Higher response rates result in greater sample sizes and reduce bias. Research on ways to increase response rates for mail and Internet surveys suggests that the following steps will improve the odds that participants will complete and return your survey, whether it is by Internet or mail.

Make the survey as salient as possible to potential respondents.
Relevance can be tested with a small group of people similar to your respondents.

If possible, use Likert-type questions, versus open-ended questions, to increase response rates. 
Generally, the shorter the survey appears to respondents, the better.

Limit the number of questions of a sensitive nature, when possible.
Additionally, if possible, make the survey anonymous, as opposed to confidential.

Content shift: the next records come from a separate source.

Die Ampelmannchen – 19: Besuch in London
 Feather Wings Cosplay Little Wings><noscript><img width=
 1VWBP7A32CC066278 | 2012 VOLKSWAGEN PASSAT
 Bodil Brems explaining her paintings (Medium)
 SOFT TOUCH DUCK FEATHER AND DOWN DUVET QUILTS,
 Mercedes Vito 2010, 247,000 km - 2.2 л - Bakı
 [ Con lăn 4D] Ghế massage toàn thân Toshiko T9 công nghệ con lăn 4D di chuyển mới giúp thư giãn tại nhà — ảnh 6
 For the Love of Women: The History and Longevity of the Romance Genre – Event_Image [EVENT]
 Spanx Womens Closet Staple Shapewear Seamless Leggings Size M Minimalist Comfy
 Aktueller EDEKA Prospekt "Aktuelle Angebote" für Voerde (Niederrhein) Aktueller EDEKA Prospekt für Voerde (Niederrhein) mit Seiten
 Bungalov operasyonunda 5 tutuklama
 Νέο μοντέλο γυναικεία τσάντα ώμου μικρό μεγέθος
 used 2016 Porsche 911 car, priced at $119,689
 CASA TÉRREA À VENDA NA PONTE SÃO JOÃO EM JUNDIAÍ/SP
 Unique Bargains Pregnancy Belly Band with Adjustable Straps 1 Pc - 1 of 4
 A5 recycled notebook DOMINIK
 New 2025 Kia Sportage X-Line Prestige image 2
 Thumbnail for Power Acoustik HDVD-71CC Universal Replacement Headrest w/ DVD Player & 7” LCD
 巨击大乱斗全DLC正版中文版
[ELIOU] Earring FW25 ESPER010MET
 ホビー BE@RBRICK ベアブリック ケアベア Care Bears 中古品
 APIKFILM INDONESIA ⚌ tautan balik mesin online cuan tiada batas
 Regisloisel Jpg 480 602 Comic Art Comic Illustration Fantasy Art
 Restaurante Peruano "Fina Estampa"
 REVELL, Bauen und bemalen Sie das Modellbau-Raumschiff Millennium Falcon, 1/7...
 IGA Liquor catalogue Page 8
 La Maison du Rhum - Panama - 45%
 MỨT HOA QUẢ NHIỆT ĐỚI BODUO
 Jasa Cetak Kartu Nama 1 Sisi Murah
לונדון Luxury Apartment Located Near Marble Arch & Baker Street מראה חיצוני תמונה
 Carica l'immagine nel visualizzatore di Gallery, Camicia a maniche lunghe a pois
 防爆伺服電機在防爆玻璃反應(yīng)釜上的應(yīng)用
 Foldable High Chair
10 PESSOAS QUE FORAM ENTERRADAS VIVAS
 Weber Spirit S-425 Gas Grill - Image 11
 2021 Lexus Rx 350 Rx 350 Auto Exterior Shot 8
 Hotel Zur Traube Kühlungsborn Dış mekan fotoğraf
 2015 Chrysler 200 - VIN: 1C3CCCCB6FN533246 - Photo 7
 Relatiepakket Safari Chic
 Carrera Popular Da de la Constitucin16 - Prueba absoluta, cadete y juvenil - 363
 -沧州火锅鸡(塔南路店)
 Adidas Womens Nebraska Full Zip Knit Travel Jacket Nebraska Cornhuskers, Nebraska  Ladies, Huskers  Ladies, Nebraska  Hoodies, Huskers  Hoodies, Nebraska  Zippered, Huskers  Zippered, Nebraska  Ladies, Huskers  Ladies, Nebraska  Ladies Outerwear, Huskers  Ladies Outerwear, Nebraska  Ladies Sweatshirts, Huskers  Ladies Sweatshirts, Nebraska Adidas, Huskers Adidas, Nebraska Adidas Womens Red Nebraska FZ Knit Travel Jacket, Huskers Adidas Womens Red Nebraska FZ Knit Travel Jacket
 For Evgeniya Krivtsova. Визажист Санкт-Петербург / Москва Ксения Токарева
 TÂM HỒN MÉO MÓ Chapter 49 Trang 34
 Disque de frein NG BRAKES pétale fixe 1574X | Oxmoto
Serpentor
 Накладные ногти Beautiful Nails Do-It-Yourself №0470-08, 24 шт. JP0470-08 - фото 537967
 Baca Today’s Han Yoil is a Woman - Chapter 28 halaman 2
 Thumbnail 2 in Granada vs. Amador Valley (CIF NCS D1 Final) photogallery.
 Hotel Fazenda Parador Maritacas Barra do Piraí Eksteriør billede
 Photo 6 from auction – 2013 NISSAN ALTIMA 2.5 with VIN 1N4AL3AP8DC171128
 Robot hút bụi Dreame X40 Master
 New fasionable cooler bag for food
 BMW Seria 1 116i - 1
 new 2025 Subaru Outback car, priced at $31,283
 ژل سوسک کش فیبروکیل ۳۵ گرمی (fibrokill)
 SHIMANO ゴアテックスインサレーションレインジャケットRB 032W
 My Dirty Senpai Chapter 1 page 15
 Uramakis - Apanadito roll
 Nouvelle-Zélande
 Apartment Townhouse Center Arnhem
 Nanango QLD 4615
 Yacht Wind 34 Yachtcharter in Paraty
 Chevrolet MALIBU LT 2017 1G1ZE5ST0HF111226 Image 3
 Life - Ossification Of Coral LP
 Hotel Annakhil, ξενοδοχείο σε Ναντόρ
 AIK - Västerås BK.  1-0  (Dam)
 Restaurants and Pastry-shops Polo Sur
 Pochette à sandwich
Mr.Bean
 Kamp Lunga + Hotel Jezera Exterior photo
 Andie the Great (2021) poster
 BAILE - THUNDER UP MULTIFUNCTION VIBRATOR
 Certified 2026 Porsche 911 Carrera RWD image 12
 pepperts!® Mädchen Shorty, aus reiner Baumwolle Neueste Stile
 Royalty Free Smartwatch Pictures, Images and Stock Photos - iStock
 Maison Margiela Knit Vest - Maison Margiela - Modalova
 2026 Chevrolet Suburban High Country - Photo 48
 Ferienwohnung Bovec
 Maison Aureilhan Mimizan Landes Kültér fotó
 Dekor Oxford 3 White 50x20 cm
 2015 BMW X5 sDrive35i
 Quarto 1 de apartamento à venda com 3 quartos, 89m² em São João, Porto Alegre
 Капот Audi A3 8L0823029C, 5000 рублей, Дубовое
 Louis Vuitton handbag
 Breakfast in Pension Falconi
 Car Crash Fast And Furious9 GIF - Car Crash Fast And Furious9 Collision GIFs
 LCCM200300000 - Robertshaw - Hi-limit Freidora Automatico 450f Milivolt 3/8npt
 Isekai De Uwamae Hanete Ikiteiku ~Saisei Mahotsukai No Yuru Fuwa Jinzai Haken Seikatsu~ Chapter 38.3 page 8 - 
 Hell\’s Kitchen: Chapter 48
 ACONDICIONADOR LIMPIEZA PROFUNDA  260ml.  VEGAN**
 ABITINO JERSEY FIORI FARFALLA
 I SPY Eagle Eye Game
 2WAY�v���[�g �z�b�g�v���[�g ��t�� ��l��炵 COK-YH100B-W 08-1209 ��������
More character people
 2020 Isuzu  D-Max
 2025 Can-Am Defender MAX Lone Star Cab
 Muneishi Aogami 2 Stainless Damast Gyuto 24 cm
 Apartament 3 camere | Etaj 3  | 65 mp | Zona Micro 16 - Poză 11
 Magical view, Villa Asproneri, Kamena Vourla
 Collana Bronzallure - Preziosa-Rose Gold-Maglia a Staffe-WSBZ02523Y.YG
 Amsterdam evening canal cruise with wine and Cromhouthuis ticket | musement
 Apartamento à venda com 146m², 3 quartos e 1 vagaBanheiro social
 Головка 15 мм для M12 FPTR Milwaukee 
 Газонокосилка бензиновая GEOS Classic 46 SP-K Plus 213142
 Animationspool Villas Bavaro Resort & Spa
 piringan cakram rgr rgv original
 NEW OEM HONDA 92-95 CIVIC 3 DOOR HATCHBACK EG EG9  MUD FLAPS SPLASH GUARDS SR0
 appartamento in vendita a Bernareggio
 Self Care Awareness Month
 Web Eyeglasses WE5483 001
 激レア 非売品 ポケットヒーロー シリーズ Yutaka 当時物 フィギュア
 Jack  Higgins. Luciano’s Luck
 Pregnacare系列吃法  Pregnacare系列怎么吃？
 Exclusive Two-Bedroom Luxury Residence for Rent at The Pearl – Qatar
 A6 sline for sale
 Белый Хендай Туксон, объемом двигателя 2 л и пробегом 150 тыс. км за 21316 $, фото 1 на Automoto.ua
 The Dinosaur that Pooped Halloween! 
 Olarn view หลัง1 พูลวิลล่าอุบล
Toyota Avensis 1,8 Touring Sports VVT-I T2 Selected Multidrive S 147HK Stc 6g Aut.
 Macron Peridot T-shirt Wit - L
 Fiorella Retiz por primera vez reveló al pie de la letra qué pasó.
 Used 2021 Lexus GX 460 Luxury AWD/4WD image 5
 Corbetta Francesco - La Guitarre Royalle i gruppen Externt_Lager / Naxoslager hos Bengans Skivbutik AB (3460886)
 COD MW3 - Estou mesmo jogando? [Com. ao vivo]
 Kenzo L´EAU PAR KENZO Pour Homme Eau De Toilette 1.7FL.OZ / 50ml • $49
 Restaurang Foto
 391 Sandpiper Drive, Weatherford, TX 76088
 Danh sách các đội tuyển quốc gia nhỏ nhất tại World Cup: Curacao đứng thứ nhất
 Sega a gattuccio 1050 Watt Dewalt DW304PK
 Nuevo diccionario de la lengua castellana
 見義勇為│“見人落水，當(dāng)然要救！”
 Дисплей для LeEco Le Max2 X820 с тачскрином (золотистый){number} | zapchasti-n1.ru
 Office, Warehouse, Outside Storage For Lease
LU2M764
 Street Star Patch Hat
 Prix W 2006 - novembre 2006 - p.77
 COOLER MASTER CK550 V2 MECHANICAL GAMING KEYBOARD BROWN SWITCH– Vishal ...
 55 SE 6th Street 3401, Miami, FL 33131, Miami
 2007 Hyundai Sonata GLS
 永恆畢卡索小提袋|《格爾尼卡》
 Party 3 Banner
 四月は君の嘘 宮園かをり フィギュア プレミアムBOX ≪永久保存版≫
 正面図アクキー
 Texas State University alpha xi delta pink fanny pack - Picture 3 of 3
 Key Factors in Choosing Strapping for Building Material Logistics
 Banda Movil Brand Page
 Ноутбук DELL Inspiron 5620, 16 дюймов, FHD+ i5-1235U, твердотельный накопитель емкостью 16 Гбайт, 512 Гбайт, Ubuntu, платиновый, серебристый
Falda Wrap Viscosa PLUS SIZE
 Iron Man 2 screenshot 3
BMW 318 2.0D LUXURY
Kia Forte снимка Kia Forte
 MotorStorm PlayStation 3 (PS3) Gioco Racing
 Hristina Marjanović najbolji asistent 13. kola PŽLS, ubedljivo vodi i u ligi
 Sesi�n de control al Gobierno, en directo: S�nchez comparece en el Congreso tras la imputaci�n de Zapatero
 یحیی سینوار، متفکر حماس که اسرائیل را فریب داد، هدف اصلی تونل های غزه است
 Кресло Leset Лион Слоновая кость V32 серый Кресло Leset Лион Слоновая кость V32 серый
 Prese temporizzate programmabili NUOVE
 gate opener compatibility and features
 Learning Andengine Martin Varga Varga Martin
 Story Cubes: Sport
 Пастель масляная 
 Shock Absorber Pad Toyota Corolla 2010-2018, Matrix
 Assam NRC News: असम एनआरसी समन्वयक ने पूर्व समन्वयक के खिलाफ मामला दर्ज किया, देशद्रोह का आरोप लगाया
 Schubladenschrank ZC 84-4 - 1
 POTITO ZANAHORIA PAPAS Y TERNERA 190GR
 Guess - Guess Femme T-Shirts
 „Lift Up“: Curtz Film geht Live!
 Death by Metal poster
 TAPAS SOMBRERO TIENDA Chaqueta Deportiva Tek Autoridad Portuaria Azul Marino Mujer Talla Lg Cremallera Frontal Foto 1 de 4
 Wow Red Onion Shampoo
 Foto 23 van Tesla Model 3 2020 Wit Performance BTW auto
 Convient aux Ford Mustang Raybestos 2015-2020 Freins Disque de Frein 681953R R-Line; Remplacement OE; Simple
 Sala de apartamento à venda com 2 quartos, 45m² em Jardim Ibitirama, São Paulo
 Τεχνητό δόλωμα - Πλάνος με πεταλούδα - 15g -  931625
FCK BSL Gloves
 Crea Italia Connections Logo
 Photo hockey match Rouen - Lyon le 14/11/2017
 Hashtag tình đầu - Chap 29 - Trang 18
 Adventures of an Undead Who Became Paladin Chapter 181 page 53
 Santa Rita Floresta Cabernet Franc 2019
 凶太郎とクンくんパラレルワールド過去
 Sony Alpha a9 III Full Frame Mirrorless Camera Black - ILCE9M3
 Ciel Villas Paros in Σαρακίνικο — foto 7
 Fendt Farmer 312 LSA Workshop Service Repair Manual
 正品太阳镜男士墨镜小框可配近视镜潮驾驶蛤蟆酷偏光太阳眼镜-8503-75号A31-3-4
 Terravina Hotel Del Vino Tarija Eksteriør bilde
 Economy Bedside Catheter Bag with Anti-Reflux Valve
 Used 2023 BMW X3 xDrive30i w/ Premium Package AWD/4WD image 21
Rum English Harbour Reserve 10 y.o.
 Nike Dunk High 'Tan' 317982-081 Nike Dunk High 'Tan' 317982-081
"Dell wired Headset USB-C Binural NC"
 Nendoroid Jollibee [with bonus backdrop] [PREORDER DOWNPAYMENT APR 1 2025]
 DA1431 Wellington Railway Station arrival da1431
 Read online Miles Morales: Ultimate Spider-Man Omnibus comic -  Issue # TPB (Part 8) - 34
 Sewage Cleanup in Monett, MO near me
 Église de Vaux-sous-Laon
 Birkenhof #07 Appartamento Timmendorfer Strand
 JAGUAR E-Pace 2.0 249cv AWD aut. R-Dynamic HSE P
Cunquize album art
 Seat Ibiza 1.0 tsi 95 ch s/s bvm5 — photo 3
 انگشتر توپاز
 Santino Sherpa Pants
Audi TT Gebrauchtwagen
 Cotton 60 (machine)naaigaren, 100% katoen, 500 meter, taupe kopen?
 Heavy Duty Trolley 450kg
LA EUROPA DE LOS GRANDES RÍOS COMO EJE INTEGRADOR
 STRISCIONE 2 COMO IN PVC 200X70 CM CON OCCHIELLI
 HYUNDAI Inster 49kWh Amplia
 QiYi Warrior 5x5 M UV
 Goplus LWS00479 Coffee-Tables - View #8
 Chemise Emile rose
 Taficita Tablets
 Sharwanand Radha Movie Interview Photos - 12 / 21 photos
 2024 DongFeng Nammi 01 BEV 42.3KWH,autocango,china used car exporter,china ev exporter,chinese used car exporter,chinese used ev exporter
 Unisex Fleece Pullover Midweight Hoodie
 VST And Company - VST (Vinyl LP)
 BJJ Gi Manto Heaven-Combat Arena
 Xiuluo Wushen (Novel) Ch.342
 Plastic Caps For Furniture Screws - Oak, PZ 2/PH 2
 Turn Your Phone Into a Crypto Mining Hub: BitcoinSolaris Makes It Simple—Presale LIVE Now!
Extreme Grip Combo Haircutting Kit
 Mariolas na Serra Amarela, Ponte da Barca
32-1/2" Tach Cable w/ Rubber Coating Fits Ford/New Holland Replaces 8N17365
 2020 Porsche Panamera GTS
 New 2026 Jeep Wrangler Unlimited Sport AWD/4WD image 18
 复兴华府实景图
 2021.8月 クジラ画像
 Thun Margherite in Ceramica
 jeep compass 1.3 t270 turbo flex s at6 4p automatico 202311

Include prenotification and follow-ups to survey respondents.
Personalizing these contacts will also increase response rates. In addition, surveys conducted by noncommercial institutions (e.g., colleges) obtain higher response rates than those conducted by commercial institutions.

Provide additional copies of or links to the survey.
This can be done as part of follow-up with potential respondents.

Provide incentives. 
Incentives included in the initial mailing produce higher return rates than those contingent upon survey return, with twice the increase when monetary (versus nonmonetary) incentives are included up-front.

Consider these additional strategies for mail surveys:
Sending surveys using recorded delivery, using colored paper for mail surveys, and providing addressed, stamped return envelopes.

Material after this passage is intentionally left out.